«Dieses Projekt hat mich zum Weinen gebracht», sagt eine Frau, die vor den Kreidetafeln steht. «Es zeigt, dass ältere, jüngere, alle Menschen voller Wünsche und Hoffnungen sind», fährt die 47-jährige Olivia fort. Sie habe sogar spontan eine Freundin angerufen und ihr per Videocall das Projekt gezeigt. Die Freundin kümmere sich um ihre krebskranke Schwester: «Es ist ein sehr kraftvolles Projekt.»
Hinter ihr steht in grossen Lettern «Before I die I want to ...» auf Wandtafeln, die an der Fassade des Basler Pflegehotels St. Johann angebracht sind. «Bevor ich sterbe, möchte ich ...», regt die Passantinnen und Passanten zum Nachdenken an – kaum jemand, der vor der Kunstinstallation nicht kurz innehält, hin und wieder notiert jemand auch einen persönlichen Wunsch.
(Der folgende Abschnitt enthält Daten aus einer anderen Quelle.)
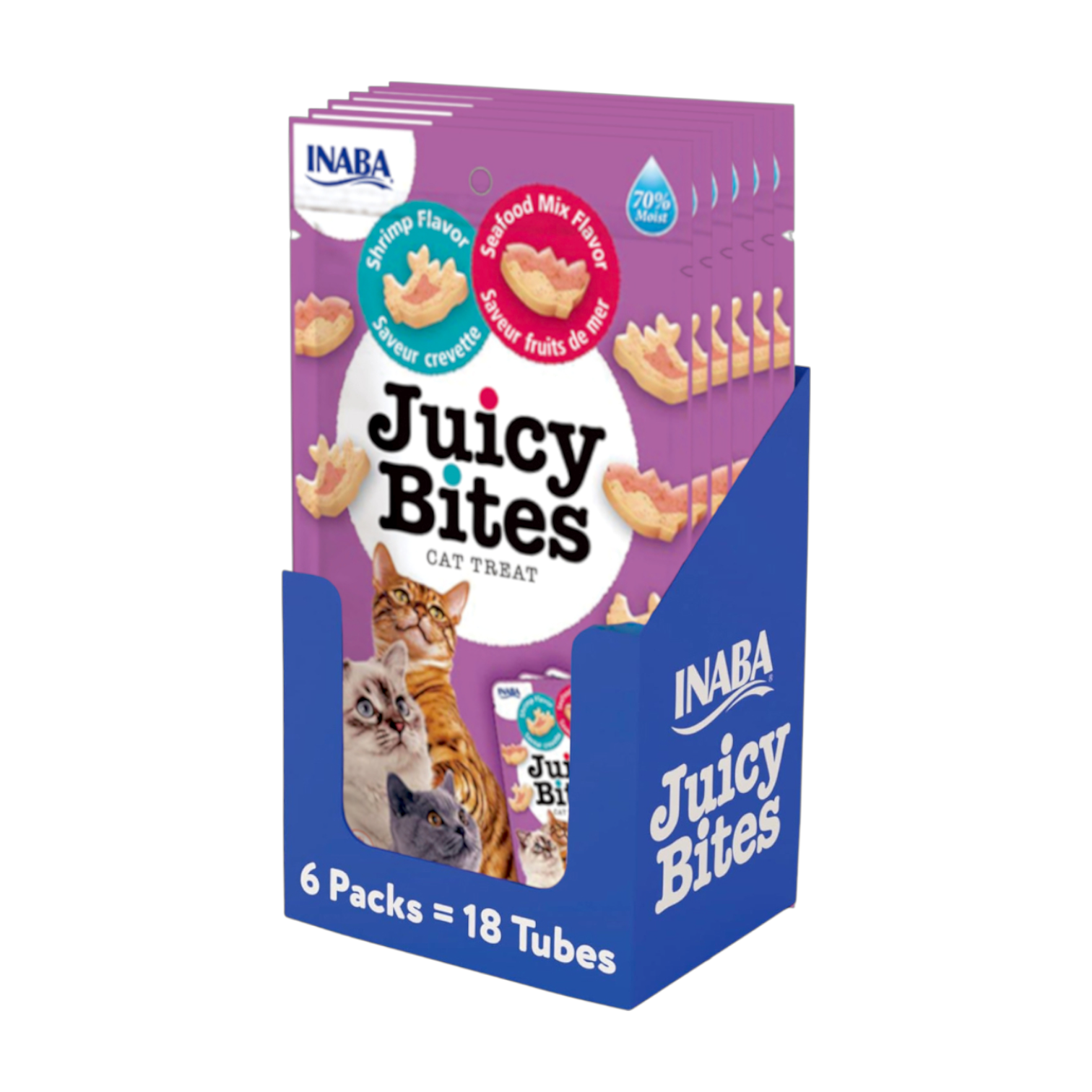 INABA Juicy Bites Shrimp & Seafood Mix Flavor 33.9g x 6 Packs | إينابا جوسي بايتس شرمب آند سيفود ميكس فليفر ٣٣.٩غ × ٦ باكس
Es zeigt, dass ältere, jüngere, alle Menschen voller Wünsche und Hoffnungen sind.
«Es wird einem wieder bewusst, dass alle Menschen Wünsche und Hoffnungen haben. Manchmal geht das im Alltag unter. Es ist herzerwärmend», sagt der 14-jährige Enzo.
Mit diesem Projekt will das Pflegeheim den Diskurs über Leben und Tod in die Öffentlichkeit tragen. «Das Leben endet. Das können wir nicht ausklammern. Darum wollen wir eine öffentliche Diskussion anregen», sagt André Gyr, Geschäftsführer des Pflegehotels St. Johann in Basel. Und die notierten Wünsche sind sehr vielfältig – im Kern geht es oft um Beziehungen.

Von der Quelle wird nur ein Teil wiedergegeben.